Agriculture constitutes 36 % of GDP in Malawi, and almost 60 % of Malawi’s exports stem from tobacco (Republic of Malawi/World Bank 2006). The expansion of the private sector is an aim of domestic industrial policy (IMF 2007; Record 2007), and education has been suggested as one possible means to making the private sector more profitable and productive (Republic of Malawi/World Bank 2006).
See for instance Orr (2000) on the ownership of Malawian estates.
While land may in principle be used as collateral for loans, facilitating access to capital, additional regressions showed no significant relationship between access to land and business related loans.

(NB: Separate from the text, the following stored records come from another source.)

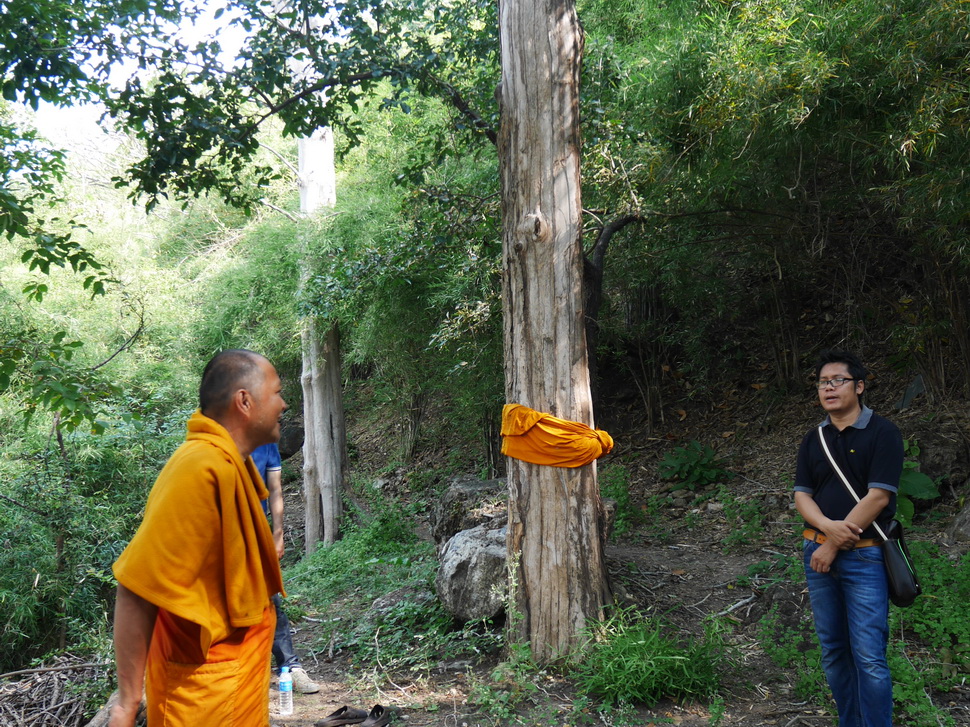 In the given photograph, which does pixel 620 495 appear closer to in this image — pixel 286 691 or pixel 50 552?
pixel 286 691

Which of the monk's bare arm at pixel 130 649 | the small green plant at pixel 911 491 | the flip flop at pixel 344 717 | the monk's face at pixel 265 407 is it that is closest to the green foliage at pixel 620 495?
the small green plant at pixel 911 491

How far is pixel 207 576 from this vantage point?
80.1 inches

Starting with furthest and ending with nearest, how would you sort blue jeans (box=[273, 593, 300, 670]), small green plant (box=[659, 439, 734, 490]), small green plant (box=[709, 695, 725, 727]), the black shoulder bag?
1. small green plant (box=[659, 439, 734, 490])
2. blue jeans (box=[273, 593, 300, 670])
3. small green plant (box=[709, 695, 725, 727])
4. the black shoulder bag

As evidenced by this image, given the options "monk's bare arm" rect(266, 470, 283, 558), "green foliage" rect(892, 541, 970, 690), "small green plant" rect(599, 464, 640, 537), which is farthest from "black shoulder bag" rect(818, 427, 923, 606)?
"small green plant" rect(599, 464, 640, 537)

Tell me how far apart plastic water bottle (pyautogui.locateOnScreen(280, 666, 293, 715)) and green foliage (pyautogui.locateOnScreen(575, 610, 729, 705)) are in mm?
1503

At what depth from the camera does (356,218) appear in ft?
29.7

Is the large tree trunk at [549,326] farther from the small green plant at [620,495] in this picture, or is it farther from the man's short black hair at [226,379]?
the small green plant at [620,495]

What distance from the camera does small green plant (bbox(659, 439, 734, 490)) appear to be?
311 inches

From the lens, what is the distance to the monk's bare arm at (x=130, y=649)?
6.31ft

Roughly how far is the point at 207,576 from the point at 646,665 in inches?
103

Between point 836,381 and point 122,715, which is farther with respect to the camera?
point 836,381

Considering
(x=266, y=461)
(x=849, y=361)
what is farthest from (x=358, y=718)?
(x=849, y=361)

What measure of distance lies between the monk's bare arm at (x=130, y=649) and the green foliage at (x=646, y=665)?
259 centimetres

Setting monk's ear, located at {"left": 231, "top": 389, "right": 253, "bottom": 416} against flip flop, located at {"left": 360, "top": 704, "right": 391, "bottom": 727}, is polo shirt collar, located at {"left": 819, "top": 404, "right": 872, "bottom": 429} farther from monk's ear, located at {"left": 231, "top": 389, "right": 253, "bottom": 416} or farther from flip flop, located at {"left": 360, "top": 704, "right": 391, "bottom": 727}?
flip flop, located at {"left": 360, "top": 704, "right": 391, "bottom": 727} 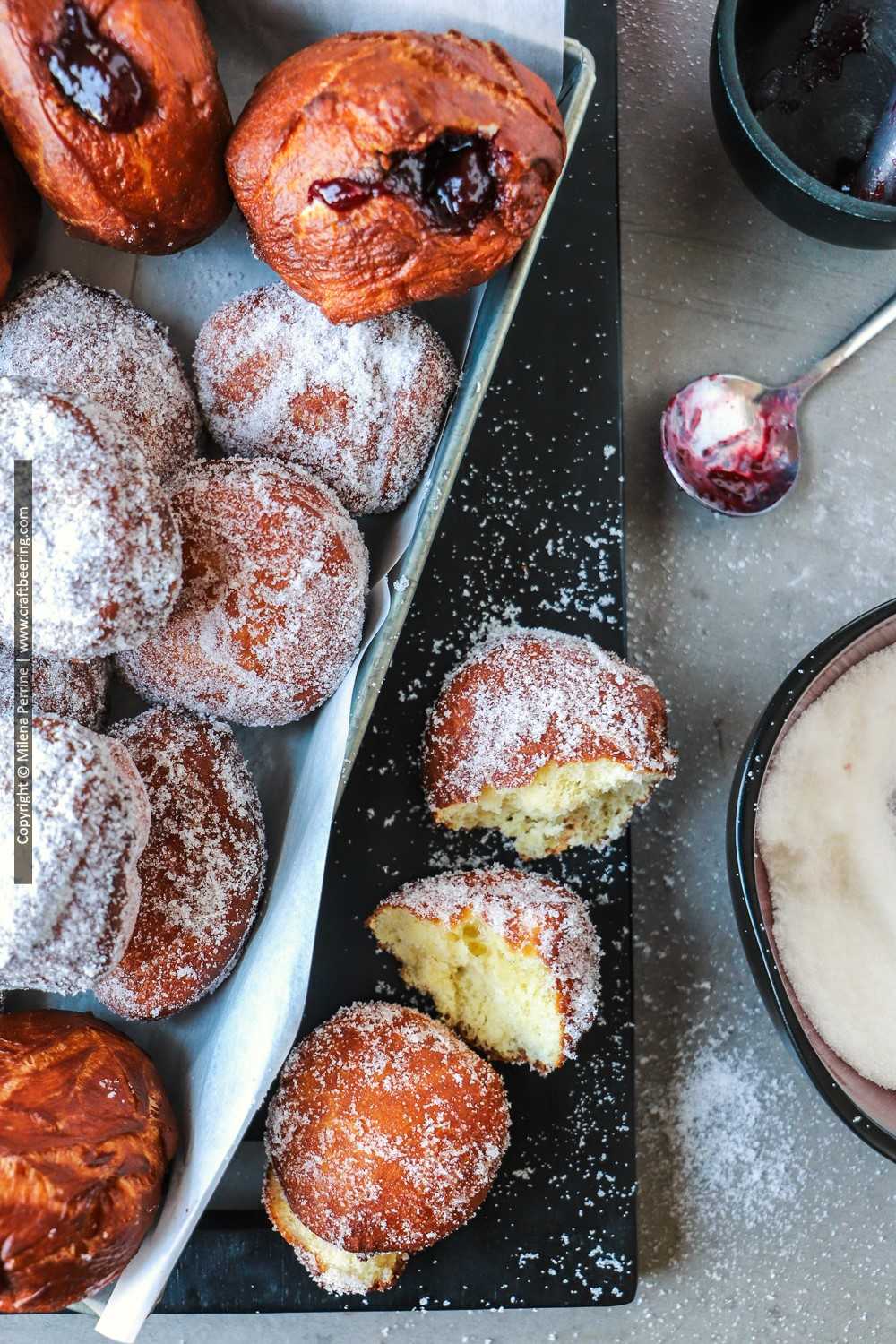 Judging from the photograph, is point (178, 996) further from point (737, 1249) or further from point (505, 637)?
point (737, 1249)

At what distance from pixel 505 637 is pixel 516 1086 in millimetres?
470

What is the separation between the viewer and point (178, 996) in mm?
1062

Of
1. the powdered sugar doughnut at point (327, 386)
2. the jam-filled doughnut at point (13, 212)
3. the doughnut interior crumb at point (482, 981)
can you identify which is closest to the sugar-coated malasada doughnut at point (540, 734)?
the doughnut interior crumb at point (482, 981)

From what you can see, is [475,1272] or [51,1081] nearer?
[51,1081]

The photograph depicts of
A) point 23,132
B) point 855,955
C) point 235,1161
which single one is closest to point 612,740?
point 855,955

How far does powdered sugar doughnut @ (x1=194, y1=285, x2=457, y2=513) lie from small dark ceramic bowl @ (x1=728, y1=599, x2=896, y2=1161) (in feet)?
1.41

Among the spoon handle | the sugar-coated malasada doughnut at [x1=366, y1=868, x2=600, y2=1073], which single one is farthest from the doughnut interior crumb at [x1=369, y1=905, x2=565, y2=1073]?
the spoon handle

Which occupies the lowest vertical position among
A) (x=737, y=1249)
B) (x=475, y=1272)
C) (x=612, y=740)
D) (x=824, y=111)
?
(x=737, y=1249)

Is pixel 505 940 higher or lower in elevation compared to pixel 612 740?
lower

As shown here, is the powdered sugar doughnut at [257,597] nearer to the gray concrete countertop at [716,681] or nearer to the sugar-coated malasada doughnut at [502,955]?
the sugar-coated malasada doughnut at [502,955]

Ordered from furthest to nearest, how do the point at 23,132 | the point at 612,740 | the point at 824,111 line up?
the point at 824,111 < the point at 612,740 < the point at 23,132

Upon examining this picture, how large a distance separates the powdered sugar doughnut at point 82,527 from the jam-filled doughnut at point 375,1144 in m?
0.47

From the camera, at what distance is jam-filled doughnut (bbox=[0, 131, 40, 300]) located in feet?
3.28

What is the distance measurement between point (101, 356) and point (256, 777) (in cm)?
42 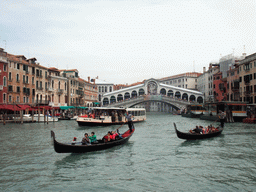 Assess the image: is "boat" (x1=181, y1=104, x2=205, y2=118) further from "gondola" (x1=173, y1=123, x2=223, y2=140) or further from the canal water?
the canal water

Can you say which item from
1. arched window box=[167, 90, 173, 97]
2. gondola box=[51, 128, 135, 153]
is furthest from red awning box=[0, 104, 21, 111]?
arched window box=[167, 90, 173, 97]

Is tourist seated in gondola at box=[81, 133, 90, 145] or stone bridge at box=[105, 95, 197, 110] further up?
stone bridge at box=[105, 95, 197, 110]

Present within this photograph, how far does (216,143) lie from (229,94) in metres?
29.0

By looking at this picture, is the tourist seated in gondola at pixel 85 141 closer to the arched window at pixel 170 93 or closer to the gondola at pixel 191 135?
the gondola at pixel 191 135

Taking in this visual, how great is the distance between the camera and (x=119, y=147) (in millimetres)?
12656

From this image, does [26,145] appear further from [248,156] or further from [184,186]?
[248,156]

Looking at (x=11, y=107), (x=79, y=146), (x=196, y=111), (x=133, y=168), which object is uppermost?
(x=11, y=107)

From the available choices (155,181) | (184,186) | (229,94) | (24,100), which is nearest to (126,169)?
(155,181)

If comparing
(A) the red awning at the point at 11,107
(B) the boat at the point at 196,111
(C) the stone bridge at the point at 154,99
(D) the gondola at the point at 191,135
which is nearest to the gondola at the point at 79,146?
(D) the gondola at the point at 191,135

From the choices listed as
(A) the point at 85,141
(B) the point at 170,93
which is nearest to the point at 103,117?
(A) the point at 85,141

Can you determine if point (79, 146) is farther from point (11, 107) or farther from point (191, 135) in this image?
point (11, 107)

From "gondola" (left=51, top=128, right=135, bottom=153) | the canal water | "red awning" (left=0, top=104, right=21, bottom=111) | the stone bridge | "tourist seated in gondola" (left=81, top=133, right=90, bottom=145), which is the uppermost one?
the stone bridge

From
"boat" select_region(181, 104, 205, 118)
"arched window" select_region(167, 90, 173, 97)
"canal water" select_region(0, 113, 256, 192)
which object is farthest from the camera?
"arched window" select_region(167, 90, 173, 97)

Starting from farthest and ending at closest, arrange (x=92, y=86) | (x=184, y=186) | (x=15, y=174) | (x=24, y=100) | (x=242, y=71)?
(x=92, y=86) < (x=242, y=71) < (x=24, y=100) < (x=15, y=174) < (x=184, y=186) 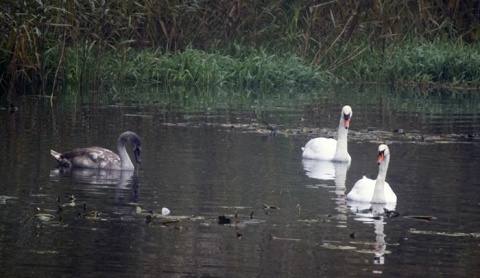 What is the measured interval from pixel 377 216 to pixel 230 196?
1.48 metres

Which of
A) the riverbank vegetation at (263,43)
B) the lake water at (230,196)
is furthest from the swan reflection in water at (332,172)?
the riverbank vegetation at (263,43)

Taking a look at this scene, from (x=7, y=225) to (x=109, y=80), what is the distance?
14.7 m

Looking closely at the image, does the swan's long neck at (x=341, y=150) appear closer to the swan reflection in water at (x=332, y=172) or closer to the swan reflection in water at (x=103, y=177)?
the swan reflection in water at (x=332, y=172)

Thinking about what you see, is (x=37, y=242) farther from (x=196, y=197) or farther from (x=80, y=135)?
(x=80, y=135)

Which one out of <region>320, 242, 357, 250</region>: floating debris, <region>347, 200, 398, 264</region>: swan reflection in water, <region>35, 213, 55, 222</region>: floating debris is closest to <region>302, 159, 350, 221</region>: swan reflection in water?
<region>347, 200, 398, 264</region>: swan reflection in water

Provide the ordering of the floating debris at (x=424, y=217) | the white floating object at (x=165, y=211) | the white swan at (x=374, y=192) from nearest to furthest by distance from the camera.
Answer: the white floating object at (x=165, y=211) → the floating debris at (x=424, y=217) → the white swan at (x=374, y=192)

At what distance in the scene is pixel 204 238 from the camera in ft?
34.5

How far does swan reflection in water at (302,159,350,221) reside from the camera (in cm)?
1355

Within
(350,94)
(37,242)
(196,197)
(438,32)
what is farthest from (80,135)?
(438,32)

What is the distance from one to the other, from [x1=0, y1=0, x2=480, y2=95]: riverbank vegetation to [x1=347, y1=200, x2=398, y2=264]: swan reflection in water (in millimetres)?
11399

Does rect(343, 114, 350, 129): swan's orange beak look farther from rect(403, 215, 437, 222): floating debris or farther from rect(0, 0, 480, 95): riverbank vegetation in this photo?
rect(0, 0, 480, 95): riverbank vegetation

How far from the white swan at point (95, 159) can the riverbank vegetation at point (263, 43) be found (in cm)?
827

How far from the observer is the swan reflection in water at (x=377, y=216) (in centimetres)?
1030

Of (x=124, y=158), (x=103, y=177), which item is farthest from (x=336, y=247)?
(x=124, y=158) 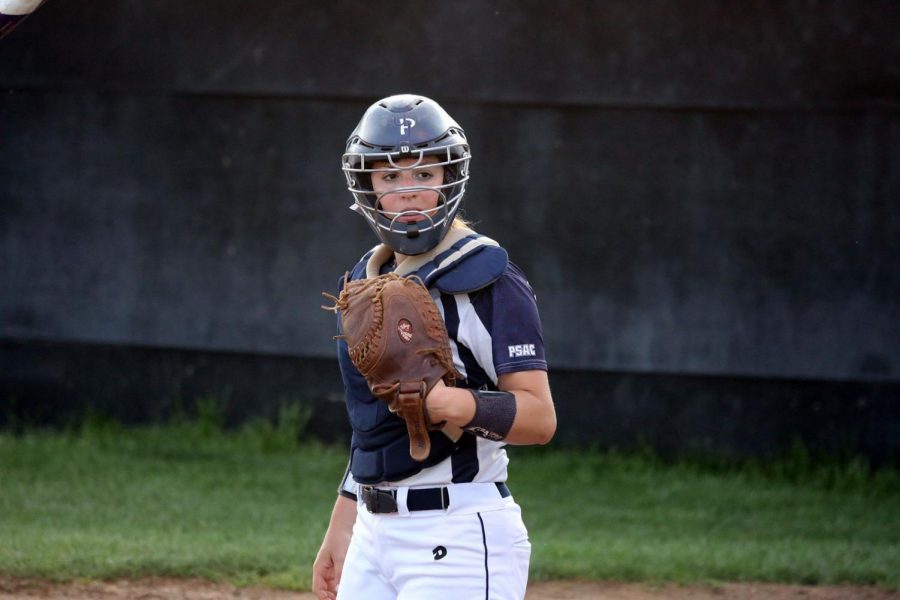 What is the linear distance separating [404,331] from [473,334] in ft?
0.59

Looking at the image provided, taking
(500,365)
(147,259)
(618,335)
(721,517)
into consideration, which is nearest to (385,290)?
(500,365)

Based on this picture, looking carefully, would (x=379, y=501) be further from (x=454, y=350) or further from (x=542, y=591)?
(x=542, y=591)

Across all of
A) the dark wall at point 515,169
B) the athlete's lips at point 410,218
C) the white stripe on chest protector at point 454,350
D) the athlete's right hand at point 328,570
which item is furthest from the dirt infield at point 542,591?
the athlete's lips at point 410,218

While one may argue that the education decision is usually made before the entrepreneurship decision, reversing the order of the first two stages produces very similar estimates of returns to education.
See www.worldbank.org/html/prdph/lsms/country/malawi04/docs/IHS2%20Basic%20Information.pdf for further documentation.
While one may question the accuracy of reported profits, this appears to be the best available indicator of entrepreneurial success (cf. Mel et al 2009). We have checked the consistency of this variable with reported revenues less costs, and the correlation is high (0.81). Using the log of profits means we lose 95 non-positive observations.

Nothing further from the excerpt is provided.